L'ex-golden boy a été extradé de Londres où il était réfugié depuis 2003 pour être jugé pour banqueroute et détournement de fonds.


«Si Khalifa décidait de balancer des noms de personnalités jusque-là protégées, la justice serait obligée de rouvrir les dossiers et personne n'y trouverait son compte. Ni Khalifa, qui pourrait traîner en détention préventive pendant des mois, ni le pouvoir algérien, qui est en train de négocier l'après-élection présidentielle d'avril 2014.» Pour Djilali Hadjadj, porte-parole de l'Association algérienne contre la corruption, il ne faut pas se faire «d'illusions»: l'extradition de l'ancien milliardaire Abdelmoumene Rafik Khalifa, remis mardi par les autorités britanniques à Alger, ne fera pas éclater la vérité sur un des plus gros scandales financiers du pays.

L'ex-magnat algérien était réfugié depuis 2003 en Grande-Bretagne, avant d'y être arrêté en 2007 parce qu'un mandat européen avait été délivré par la France.
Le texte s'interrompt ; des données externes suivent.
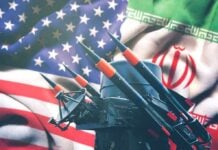 Iran and USA flags with missile launcher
Après avoir épuisé tous les recours auprès de la justice britannique et de la Cour européenne des droits de l'homme, le golden boy déchu va donc être présenté à la justice algérienne.
Le tribunal de Blida l'avait condamné en 2007, par contumace, à la réclusion criminelle à perpétuité pour associations de malfaiteurs et faillite frauduleuse. La Cour suprême algérienne ayant cassé ce jugement en 2012, Abdelmoumene Rafik Khalifa et cinquante autres accusés doivent bénéficier d'un nouveau procès pour banqueroute et détournement de fonds. La faillite de son empire - banque, transport aérien, bâtiment, immobilier, télévision, location de voitures de luxe - qui employait 20.000 salariés en Algérie et en Europe, avait causé un préjudice estimé par des avocats à un montant compris entre 1,5 et 5 milliards de dollars à l'État algérien et aux épargnants.

La crainte de révélations

«Mais qui peut croire que des gens comme Abdelmadjid Tebboune, ministre du Logement (il l'était déjà en 2007, NDLR), Tayeb Belaiz, actuel ministre de l'Intérieur (à l'époque ministre de la Justice) et Mourad Medelci, aujourd'hui président du Conseil constitutionnel (ministre des Finances en 2007), cités dans les dossiers ou comme témoins, seront un jour inquiétés?» ironisent plusieurs juristes. «Avec ce jeune libéral qui investit et réussit, ramène de l'argent des pays du Golfe, fréquente les stars parisiennes comme Deneuve ou Depardieu, Bouteflika tenait là une success story séduisante aux yeux des Occidentaux, analyse un officier du DRS (services secrets). Comment penser Khalifa capable de se retourner contre ce système qui l'a nourri et qui a profité de lui?»
Me Khaled Bourayou, un des avocats de la défense des coaccusés d'Abdelmoumene Rafik Khalifa, estime que si l'ex-enfant prodige de l'Algérie ne représente pas un danger, «il pourrait toutefois faire des révélations». «Soit il tait des noms, soit il choisit de dire la vérité: que l'État, des ministres et de hauts responsables ont profité de ses largesses. Une stratégie très difficile à mettre en place, qui permettrait à Khalifa de montrer qu'il n'est pas le seul coupable.» Mais le célèbre pénaliste du barreau d'Alger reconnaît aussi que «quand il le veut, le pouvoir algérien sait étouffer les affaires» et que le procès tant attendu de l'ancien homme d'affaires a été fixé à l'année prochaine… après la présidentielle.